Short web captions:
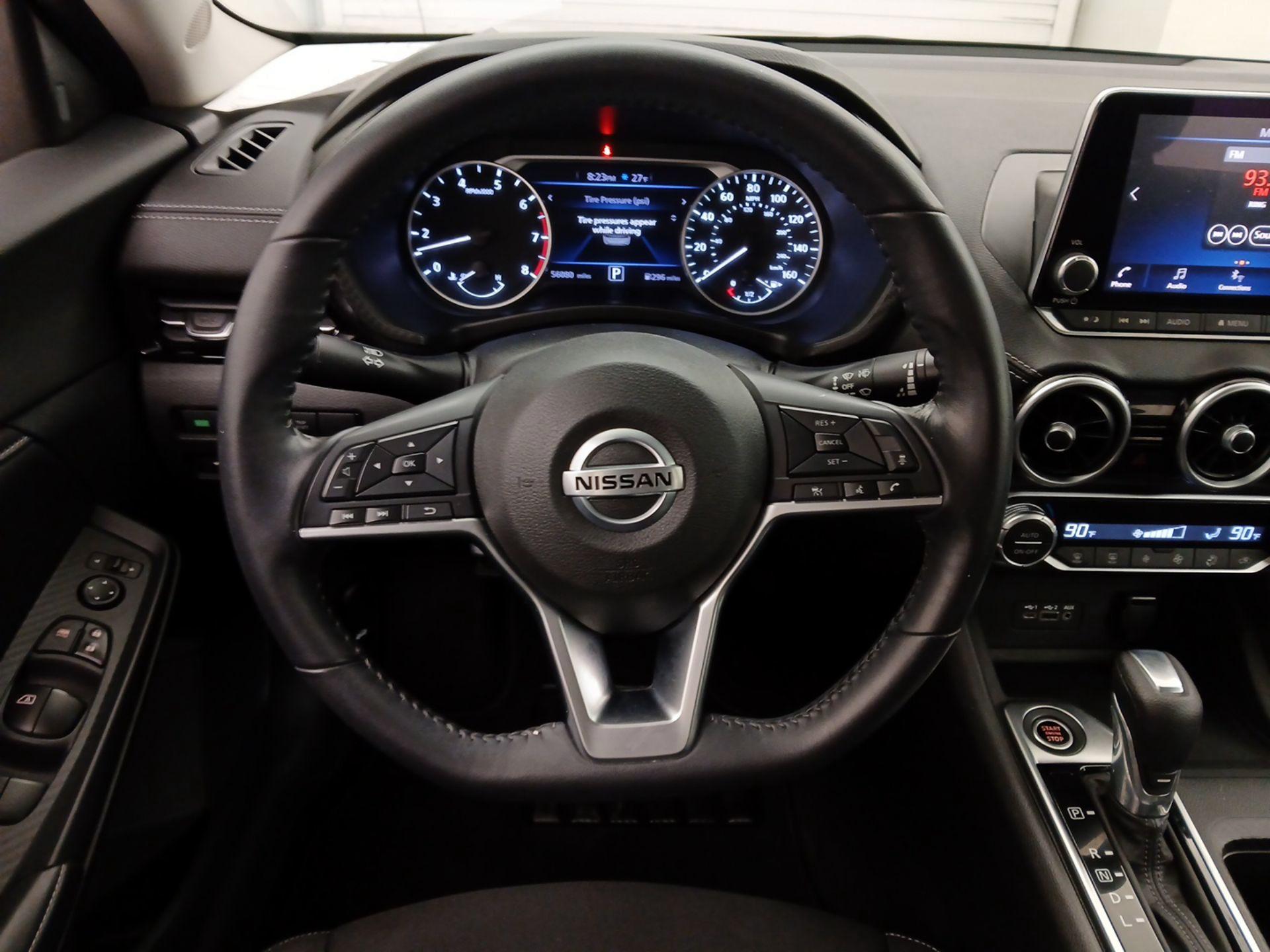 Thumbnail: 2020 Nissan Sentra - 10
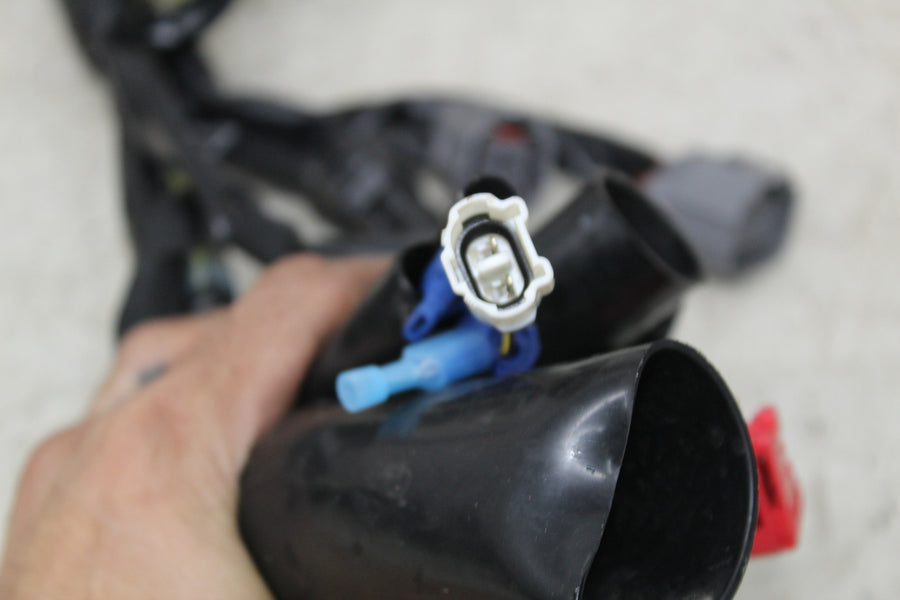 24 KAWASAKI NINJA ZX4R MAIN ENGINE WIRING HARNESS MOTOR WIRE LOOM (SEE DESCP)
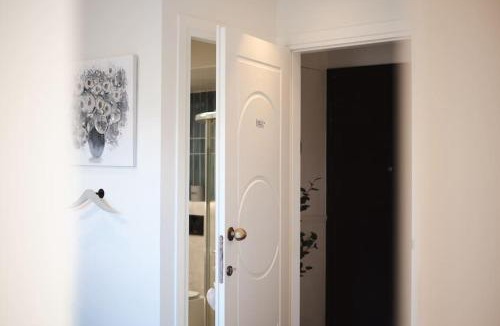 Kifisia Apartment | Central Kifissia BLέ & ÁPPεROL Malomar Homing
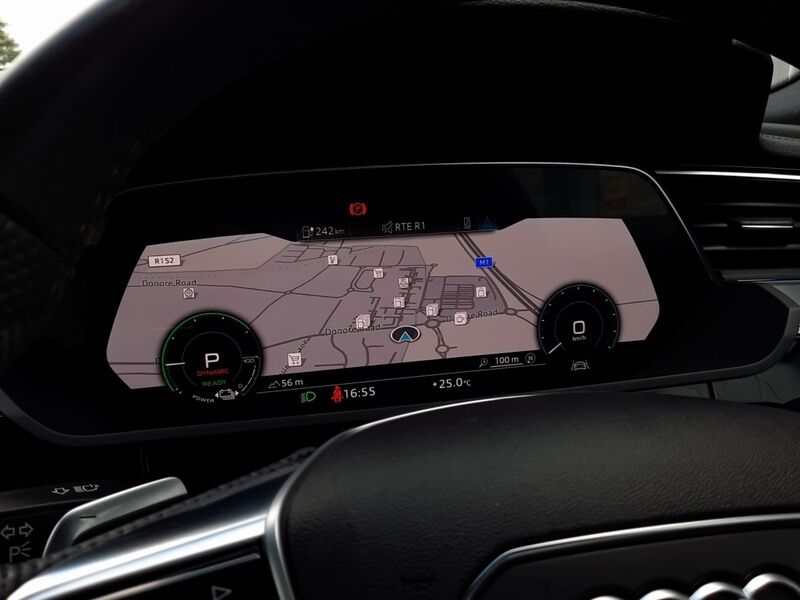 More views of Audi e-tron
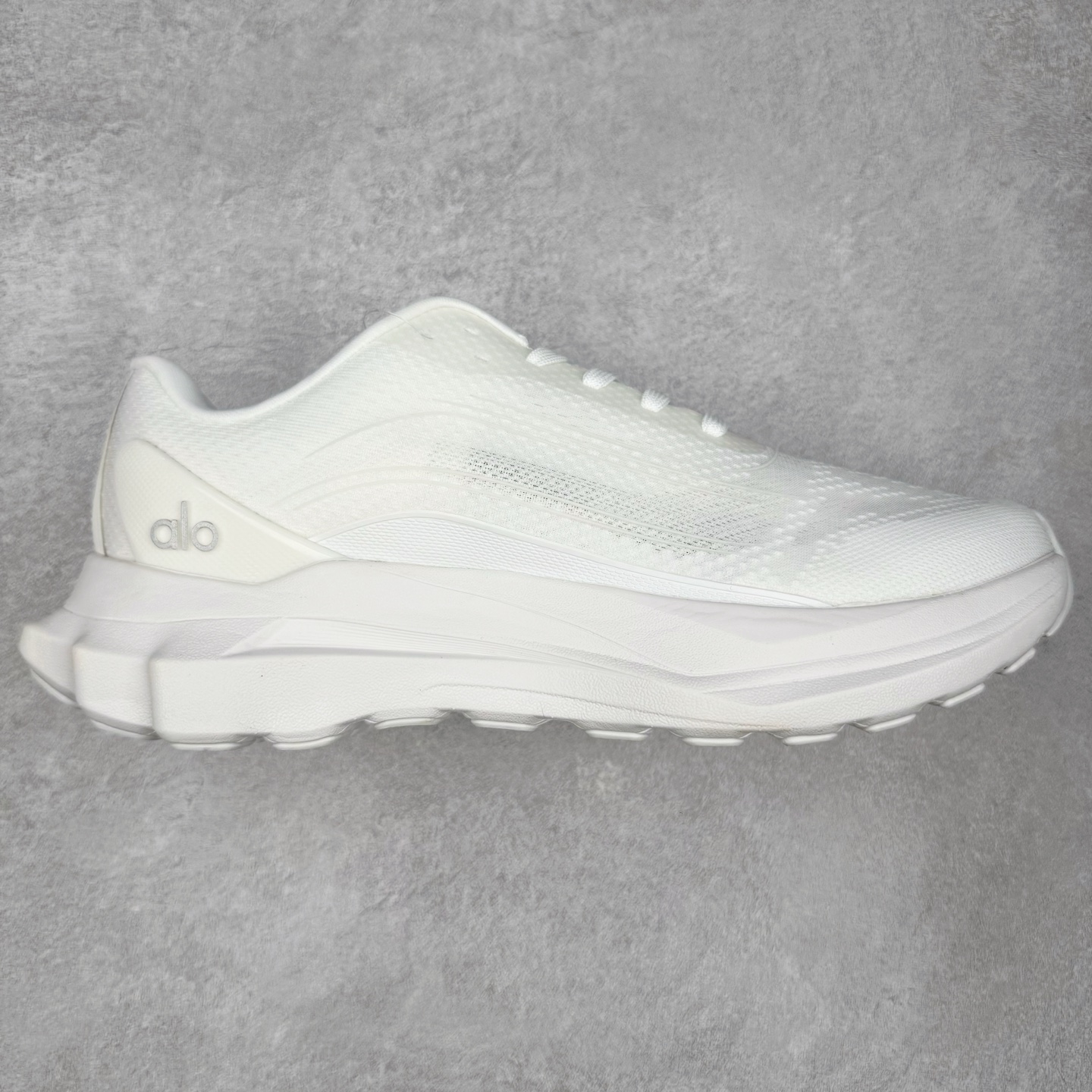 ＃福利特价 Alo yoga Alo Runner 舒适百搭防滑耐磨低帮跑步鞋 Alo Yoga于2007年创立于洛杉矶，意在传播有意识的运动，同时激发人们的健康意识与创造力。品牌的核心理念在于制作能够带来完美体验的瑜伽服饰与功能性单品，让有意识的运动触入并改变生活。Alo Yoga将其设计延伸到日常服饰概念，坚持不懈地捕捉当代时尚潮流，将品牌的运动美学理念、精致前卫的设计与舒适功能面料完美结合。与此同时，Alo Yoga的设计受到了时尚界人士与名人们的追捧，Talor Swift、Kendall Jenner等街拍照片中都曾出现品牌不同单品的身影。尺码：36 36.5 37.5 38 38.5 39 40 40.5 41 42 42.5 43 44 44.5 45-选品中心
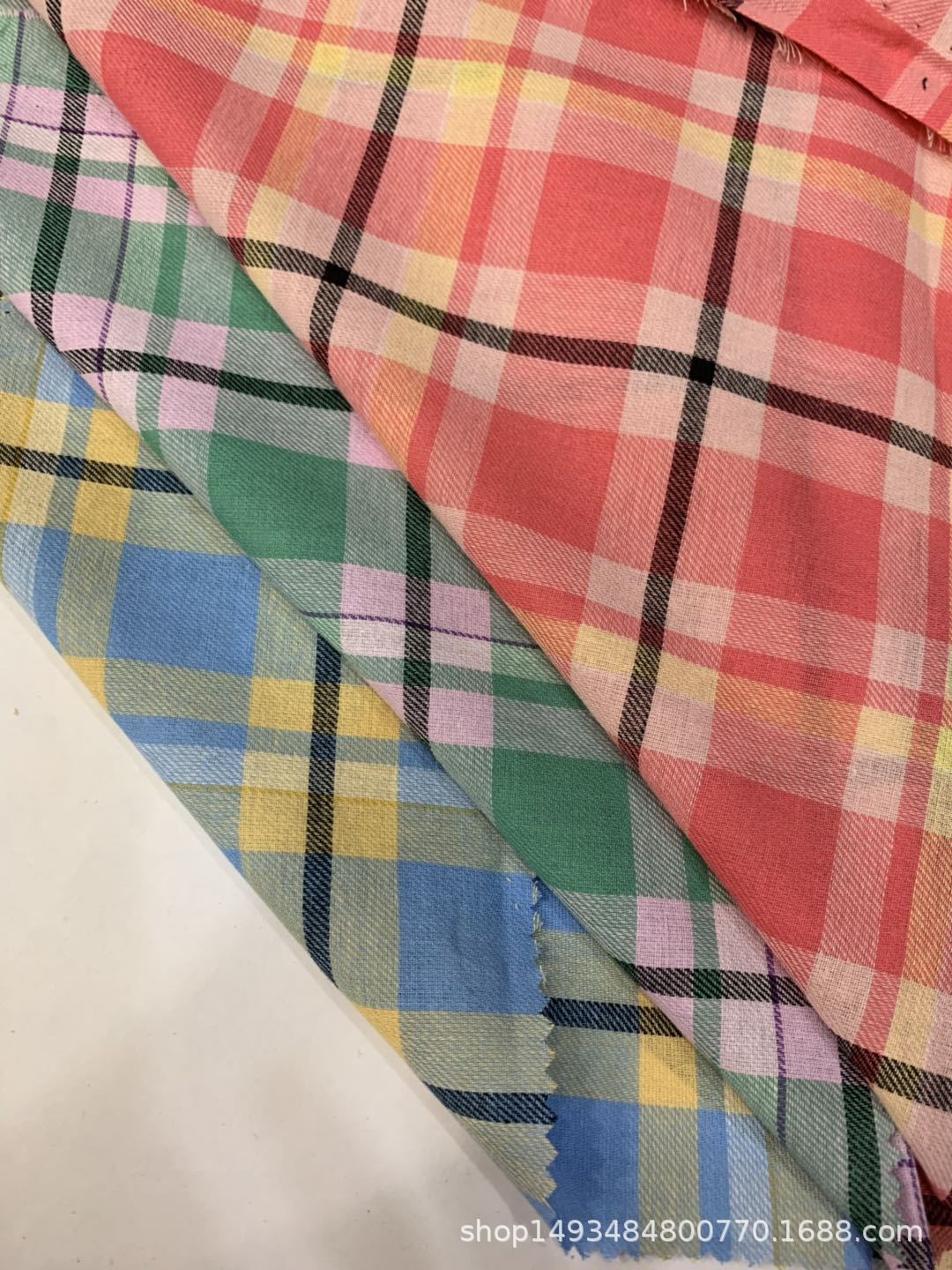 厂家直销现货供应21支色织梭子斜纹爆款女装时尚面料裙子面料均可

◆ WHAT IS NEEDED ◆
Apart from the pictures, repeat the data above exactly.

◆ RESPONSE ◆
 Thumbnail: 2020 Nissan Sentra - 10
 24 KAWASAKI NINJA ZX4R MAIN ENGINE WIRING HARNESS MOTOR WIRE LOOM (SEE DESCP)
 Kifisia Apartment | Central Kifissia BLέ & ÁPPεROL Malomar Homing
 More views of Audi e-tron
 ＃福利特价 Alo yoga Alo Runner 舒适百搭防滑耐磨低帮跑步鞋 Alo Yoga于2007年创立于洛杉矶，意在传播有意识的运动，同时激发人们的健康意识与创造力。品牌的核心理念在于制作能够带来完美体验的瑜伽服饰与功能性单品，让有意识的运动触入并改变生活。Alo Yoga将其设计延伸到日常服饰概念，坚持不懈地捕捉当代时尚潮流，将品牌的运动美学理念、精致前卫的设计与舒适功能面料完美结合。与此同时，Alo Yoga的设计受到了时尚界人士与名人们的追捧，Talor Swift、Kendall Jenner等街拍照片中都曾出现品牌不同单品的身影。尺码：36 36.5 37.5 38 38.5 39 40 40.5 41 42 42.5 43 44 44.5 45-选品中心
 厂家直销现货供应21支色织梭子斜纹爆款女装时尚面料裙子面料均可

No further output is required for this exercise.